Kiedy myślimy o kwiatach, zwykle kojarzą nam się one z przyjemnymi zapachami, takimi jak lawenda, lilia i jaśmin. Jednak mało znany kwiat, który emanuje nieco egzotycznym zapachem, zakwitł właśnie w Ogrodzie Botanicznym Stanów Zjednoczonych.
Znany jako martwy kwiat i mając około 8 metrów wysokości, zakwitł po raz pierwszy po dziewięciu latach w chicagowski ogród. Przyciągnął uwagę wielu gapiów, po pierwsze ze względu na swoje rozmiary, po drugie ze względu na charakterystyczny zapach. Podążaj za tekstem!
Zobacz więcej
Astrologia i geniusz: TO są 4 najwspanialsze znaki…

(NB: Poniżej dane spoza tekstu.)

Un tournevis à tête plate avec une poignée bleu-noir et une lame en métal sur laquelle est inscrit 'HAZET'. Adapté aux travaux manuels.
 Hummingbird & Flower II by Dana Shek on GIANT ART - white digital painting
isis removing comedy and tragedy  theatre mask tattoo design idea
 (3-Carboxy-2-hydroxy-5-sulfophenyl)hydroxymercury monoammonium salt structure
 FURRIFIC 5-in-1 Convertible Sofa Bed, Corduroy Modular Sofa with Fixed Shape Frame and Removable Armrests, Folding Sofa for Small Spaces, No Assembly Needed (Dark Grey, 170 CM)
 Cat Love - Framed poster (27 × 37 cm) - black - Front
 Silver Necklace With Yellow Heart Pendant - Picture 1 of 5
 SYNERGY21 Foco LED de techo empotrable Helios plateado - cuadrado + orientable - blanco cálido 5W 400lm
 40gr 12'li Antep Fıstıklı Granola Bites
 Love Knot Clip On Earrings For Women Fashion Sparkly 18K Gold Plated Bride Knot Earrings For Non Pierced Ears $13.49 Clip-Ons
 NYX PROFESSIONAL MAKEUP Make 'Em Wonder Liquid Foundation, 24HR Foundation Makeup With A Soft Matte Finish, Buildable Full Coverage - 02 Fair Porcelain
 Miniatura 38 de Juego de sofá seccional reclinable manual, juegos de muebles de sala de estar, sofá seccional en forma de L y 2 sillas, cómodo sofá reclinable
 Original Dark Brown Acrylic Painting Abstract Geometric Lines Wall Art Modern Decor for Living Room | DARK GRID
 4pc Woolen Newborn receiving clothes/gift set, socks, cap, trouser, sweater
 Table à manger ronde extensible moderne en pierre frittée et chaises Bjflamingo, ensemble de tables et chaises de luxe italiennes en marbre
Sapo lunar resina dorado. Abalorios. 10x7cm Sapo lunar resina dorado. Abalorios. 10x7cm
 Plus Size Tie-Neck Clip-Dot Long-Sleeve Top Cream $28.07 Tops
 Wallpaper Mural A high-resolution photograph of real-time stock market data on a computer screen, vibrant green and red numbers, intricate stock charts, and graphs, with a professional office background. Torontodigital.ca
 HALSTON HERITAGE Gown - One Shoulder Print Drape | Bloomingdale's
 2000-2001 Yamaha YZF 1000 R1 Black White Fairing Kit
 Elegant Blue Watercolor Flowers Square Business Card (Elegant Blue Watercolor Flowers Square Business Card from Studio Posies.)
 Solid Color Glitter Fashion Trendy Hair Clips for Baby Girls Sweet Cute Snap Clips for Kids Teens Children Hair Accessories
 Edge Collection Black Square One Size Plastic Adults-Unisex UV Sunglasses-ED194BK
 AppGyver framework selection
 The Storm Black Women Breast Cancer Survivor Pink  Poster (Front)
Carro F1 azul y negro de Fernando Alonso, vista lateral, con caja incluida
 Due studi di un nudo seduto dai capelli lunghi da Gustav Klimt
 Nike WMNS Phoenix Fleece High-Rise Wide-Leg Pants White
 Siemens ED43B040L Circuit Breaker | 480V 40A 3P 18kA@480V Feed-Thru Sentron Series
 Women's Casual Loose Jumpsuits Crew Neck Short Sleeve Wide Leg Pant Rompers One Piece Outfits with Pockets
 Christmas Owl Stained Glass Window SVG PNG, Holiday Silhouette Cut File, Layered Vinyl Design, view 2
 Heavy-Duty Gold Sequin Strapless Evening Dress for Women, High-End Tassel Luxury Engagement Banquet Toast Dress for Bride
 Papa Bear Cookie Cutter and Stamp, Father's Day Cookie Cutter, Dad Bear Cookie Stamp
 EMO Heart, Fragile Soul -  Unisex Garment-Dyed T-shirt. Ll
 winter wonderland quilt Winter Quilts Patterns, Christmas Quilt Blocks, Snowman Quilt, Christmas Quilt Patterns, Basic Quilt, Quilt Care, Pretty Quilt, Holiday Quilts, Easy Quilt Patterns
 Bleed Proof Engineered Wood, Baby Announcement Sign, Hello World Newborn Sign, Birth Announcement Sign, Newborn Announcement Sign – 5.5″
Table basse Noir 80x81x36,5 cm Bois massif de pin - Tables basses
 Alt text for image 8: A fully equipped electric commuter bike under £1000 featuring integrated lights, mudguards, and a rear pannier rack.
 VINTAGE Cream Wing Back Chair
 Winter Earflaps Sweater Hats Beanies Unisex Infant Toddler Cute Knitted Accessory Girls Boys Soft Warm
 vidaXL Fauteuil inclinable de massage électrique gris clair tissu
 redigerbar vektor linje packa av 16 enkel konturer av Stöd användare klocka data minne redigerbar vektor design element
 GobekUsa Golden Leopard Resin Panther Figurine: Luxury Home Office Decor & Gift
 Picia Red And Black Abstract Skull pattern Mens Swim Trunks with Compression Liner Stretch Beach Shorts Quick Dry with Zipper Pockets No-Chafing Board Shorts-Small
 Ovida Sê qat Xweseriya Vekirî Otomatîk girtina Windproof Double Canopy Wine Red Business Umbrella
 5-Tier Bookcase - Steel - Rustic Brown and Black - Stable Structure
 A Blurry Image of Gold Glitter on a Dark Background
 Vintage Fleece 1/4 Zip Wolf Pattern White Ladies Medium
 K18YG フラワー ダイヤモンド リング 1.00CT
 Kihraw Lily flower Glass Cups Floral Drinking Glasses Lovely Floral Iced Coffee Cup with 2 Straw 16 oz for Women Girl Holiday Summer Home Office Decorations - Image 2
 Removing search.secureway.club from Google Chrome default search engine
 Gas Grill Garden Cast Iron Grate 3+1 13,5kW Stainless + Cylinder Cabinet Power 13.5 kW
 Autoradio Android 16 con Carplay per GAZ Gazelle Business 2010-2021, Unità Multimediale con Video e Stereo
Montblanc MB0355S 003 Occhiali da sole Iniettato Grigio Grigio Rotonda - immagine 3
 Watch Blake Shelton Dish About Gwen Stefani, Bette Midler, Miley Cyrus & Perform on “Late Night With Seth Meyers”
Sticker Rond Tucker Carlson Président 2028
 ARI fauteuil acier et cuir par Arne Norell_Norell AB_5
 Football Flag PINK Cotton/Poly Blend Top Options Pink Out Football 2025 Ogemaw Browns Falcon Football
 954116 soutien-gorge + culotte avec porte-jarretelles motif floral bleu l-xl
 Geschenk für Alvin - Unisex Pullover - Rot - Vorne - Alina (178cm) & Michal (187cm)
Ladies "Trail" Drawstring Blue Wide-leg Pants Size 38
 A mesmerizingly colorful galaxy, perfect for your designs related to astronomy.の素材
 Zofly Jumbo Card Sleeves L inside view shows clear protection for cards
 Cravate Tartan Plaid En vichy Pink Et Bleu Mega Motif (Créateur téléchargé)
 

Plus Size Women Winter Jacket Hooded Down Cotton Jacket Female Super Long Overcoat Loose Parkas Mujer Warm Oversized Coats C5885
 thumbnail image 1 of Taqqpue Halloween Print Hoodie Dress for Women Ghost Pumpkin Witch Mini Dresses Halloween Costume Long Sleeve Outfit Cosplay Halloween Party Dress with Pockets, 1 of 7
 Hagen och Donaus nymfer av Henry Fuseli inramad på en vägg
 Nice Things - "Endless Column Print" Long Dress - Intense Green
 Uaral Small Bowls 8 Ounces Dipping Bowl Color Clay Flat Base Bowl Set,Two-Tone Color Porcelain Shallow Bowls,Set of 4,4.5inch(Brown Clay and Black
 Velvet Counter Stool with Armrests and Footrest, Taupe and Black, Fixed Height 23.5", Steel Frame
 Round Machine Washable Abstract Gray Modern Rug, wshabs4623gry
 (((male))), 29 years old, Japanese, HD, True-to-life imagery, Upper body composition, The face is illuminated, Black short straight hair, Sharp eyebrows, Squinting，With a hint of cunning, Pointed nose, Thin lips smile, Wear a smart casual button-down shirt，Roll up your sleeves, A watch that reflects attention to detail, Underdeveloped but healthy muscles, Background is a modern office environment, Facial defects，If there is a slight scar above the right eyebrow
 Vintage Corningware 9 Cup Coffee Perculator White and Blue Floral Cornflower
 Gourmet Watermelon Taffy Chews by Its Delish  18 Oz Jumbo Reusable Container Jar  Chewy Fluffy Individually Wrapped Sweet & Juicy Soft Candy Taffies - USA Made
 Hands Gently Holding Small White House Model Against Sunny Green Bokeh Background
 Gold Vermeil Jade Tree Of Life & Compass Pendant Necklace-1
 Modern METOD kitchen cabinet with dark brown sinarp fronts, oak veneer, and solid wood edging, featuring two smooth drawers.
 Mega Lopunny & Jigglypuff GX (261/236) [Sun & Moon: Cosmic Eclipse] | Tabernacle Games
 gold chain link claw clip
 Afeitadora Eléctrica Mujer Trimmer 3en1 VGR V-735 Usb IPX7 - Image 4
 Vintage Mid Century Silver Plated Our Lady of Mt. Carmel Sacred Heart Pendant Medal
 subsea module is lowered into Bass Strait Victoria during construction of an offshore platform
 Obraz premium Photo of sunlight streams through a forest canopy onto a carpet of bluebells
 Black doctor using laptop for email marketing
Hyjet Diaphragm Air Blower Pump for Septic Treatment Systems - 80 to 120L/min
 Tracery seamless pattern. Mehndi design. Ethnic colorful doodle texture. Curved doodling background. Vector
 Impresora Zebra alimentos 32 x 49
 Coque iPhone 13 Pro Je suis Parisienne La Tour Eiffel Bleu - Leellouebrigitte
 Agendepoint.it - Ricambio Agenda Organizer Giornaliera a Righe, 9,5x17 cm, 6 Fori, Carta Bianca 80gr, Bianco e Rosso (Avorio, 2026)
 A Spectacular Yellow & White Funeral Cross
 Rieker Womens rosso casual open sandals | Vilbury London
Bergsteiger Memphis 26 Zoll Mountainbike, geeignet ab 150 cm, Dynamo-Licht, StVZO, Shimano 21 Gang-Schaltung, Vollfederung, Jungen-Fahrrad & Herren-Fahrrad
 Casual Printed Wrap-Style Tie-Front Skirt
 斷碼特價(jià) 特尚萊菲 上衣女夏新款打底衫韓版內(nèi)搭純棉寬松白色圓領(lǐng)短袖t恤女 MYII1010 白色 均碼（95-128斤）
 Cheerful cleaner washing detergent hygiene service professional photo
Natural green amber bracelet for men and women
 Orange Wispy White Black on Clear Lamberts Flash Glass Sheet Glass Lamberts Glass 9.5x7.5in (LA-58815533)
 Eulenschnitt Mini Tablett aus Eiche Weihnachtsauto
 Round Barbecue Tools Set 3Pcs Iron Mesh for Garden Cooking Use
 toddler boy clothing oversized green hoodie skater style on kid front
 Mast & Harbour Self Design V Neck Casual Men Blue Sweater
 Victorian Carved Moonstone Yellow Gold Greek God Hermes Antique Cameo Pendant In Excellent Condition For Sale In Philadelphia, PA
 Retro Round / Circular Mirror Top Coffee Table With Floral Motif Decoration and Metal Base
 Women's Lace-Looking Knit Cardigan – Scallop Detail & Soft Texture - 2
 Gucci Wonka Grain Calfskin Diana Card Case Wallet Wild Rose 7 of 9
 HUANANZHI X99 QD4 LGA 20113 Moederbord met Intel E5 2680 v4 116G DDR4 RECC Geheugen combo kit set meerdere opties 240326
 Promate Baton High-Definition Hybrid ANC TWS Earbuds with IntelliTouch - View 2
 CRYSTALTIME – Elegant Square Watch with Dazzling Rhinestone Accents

iPhone'y, które nie odniosły sukcesu: 5 premier odrzuconych przez opinię publiczną!
Przeczytaj też: Przedmioty wartościowe: To jedne z 4 najrzadszych kwiatów na świecie
Znany pod nazwą naukową Amorphophallus tytan, kwiat zwłok ma tę dość osobliwą nazwę ze względu na zapach zgniłego mięsa, który wydziela, aby przyciągnąć owady, takie jak muchy i chrząszcze.
O zapach jest tak wyjątkowy dla rośliny, że porównuje się go do tego samego zapachu „martwego” ciała, jak donosi dyrektor Ogrodu Botanicznego Uniwersytetu Kalifornijskiego, Paul Licht. Jednak pomimo tego drobnego szczegółu przyciąga wielu gości do parku, ponieważ jej kwitnienie jest naprawdę rzadkie i zdarza się między 8 a 10 rokiem życia.
Pochodzi z Indonezji i ze względu na wylesianie lasów tropikalnych jest już niestety zagrożony wyginięciem. Jest rzadki, w przeciwieństwie do innych pospolitych kwiatów, ma fioletowe płatki pośrodku i żółte naczynie, które może mierzyć prawie 2,5 metra wysokości.
Według informacji Wydziału Nauk Biologicznych Uniwersytetu w Ohio, kiedy zakwita, pierwszej nocy podnosi temperaturę w swojej żółtej części, która może osiągnąć nawet 36,6 stopni Celsjusza, aby pomóc w rozprzestrzenianiu się nieprzyjemnego zapachu i przyciągnąć więcej owady.
Rozkwit kwiatu zwłok w ogrodzie botanicznym w Chicago jest faktem i jest bardzo celebrowany. W końcu za każdym razem, gdy kwitnie kwiat tego poziomu, jest to powód do świętowania i wielu badań.
Ostatnim razem, gdy kwitła w Ogrodzie Botanicznym Uniwersytetu Kalifornijskiego, zyskała nawet przydomek. Nazywany Trudy, ponieważ jest to męski kwiat, kiedy był wystawiany, przyciągnął około 2300 gości w weekend, w którym kwitł. Miał wtedy zaledwie 1,4 metra wzrostu. Fascynujące, prawda?